Winter Murals
Winter Murals
Age: Preschool through elementary
Time: 30 minutes or more
Type of activity: Nature arts-and-crafts
No matter where you live, you'll get your child thinking about nature's gifts with this indoor-outdoor activity. For year-long fun, try it each time the seasons change.
Materials Needed:
· Paper
· Natural objects from outdoors
· Paper bag
· Elmer's glue
· Markers or crayons
What to Do:
Step One: On a nice winter day, take your child for a walk outdoors. Observe the landscape and talk about how you can tell it's winter. Then, fill your paper bag with some of the interesting plants, berries, nuts, and weeds that you find on your walk.
Step Two: At home, spread out what you've found on a table. See if you can identify which plants these materials came from (for example, milkweed, goldenrod, holly, sunflowers, etc.).
Step Three: Ask her to arrange the seeds, nuts, weeds, and stalks into a picture that feels like "winter."

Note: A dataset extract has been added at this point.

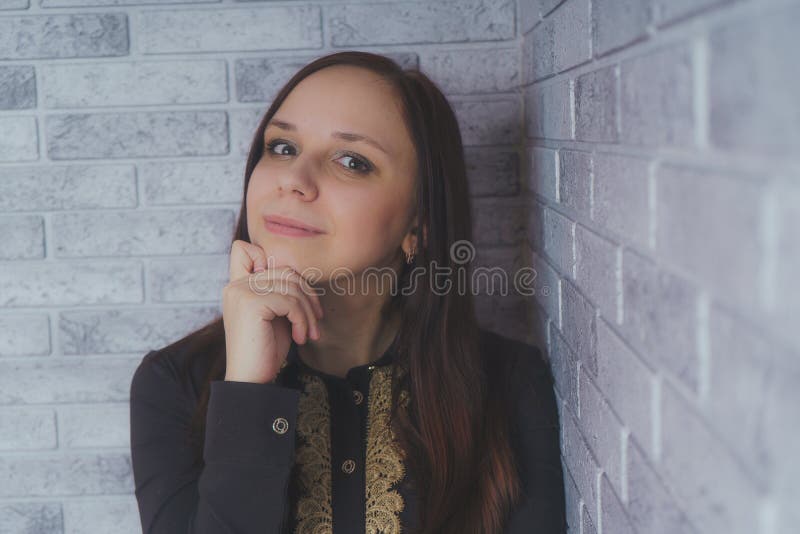 Stående av det härliga lyckaanseendet för ung kvinna på grå bakgrund för tegelsten för vägg för cementtexturgrunge arkivfoto Stående av det härliga lyckaanseendet för ung kvinna på grå bakgrund för tegelsten för vägg för cementtexturgrunge arkivfoto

Step Four: Carefully, glue all of the materials to your paper. You can add other shapes, people, animals, or background designs with markers and crayons.

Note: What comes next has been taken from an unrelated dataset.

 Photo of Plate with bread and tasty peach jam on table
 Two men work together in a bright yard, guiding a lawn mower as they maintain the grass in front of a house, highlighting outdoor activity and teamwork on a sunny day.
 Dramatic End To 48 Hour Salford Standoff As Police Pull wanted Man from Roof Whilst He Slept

Step Five: When spring arrives, repeat the steps and make another mural. Then, compare the different types of plants you collected during each season. See if your child can point out how they differ (for example winter's plants may not have much color and may be drier; in spring there may be more plants to collect.)
Take it Further: Read Chicken Soup with Rice by Maurice Sendak. This tantalizing rhyming book takes children through the seasons of the year.